Wednesday, 21 September 2011


Now that the dust has settled somewhat and I can place my focus on areas other than the twins tummies and rear ends, I have started indulging my fantasy of being a farmer - on a very small scale that is.
I come from a long line of farmers: my maternal great-grandfather owned an enormous sugar cane and cattle farm in the north of the country, which was passed onto my grandfather. But after the Apartheid Government set up the Homeland system, forcing ethic groups to leave their homes and live within designated areas, my grandfather lost his workforce - two tribes that shared his land in return for seasonal work - and he decided to sell the farm. He then moved to the coast and bought an Aberdeen Angus cattle stud farm which my father managed. My paternal grandfather also returned to the country in his later years to farm chickens and dairy cows.
As a child I would accompany my dad on his morning farm rounds, checking fences and newly-birthed calves. I loved it and couldn't wait for the school holidays so that I could immerse myself in the daily farm activities. It always bugged me that we only had cattle and horses as I wanted all types of animals around me. So it was from this early age that the feeling of striding out into the dewey morning with one's gumboots on began to appeal to me.

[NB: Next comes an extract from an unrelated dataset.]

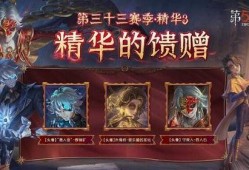第五人格最新爆料下赛季,惊悚求生新篇章，神秘角色与惊悚剧情即将揭晓
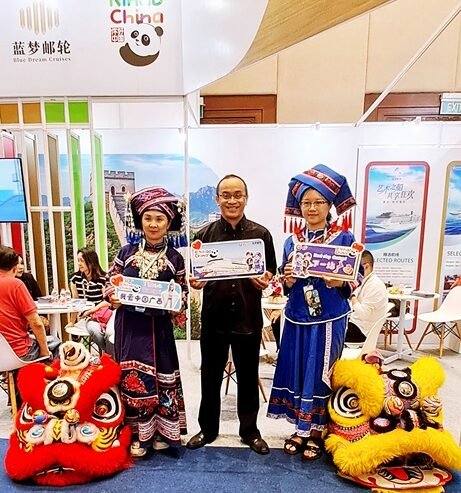 Grup Barongsai Liem Kem Pay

But what I didn't observe as a young aspiring farmer was that farming is actually quite a lot of hard work and, costly. In those days farming was subsidised and labour cheap - a far cry from the reality of living off the land now. Albeit in my typical Airies nature I threw myself at this new vocation with blind enthusiasm, only to be stopped abrubtly in my tracks by the dull reality of time - lets not forget about the kids - money and management.
Growing food, which I always thought of as a quaint and grounding experience, is actually quite a lot of, often thankless, work - especially if you try do it organically. Once you have finally found the time between school runs, playdates, grocery shopping and cooking dinner to get the seeds into the ground you would think that at least half the job is done and very soon you will be reaping the rewards of fresh, nutritious vegtables. Not so. If half the seedlings survive the snail onslaught it is good going, and if the rest survive worms, aphids, blight or powdery mildew you are really doing well. It is a never ending fight from beginning to end to get a worthwhile yield and I now understand why certain farmers use chemicals. But I won't - my ideals are stronger than my convictions. Instead I set up little traps of honey and yeast to drown the snails which is really cruel and mostly doesn't work. Or I use Margarate Roberts organic insecticide. Finally after a shakey and disappointing start I have decided to go small and leave the large crops to my husband, who knows a whole lot more than I do.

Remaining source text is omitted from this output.